## What to work on
The data below calls for an exact copy.

## Dataset section
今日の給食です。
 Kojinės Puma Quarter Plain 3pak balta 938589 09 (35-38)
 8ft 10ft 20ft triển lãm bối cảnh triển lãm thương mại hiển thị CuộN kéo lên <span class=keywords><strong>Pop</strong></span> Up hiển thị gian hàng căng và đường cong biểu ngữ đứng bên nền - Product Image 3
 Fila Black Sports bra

## Output of the task
今日の給食です。
 Kojinės Puma Quarter Plain 3pak balta 938589 09 (35-38)
 8ft 10ft 20ft triển lãm bối cảnh triển lãm thương mại hiển thị CuộN kéo lên <span class=keywords><strong>Pop</strong></span> Up hiển thị gian hàng căng và đường cong biểu ngữ đứng bên nền - Product Image 3
 Fila Black Sports bra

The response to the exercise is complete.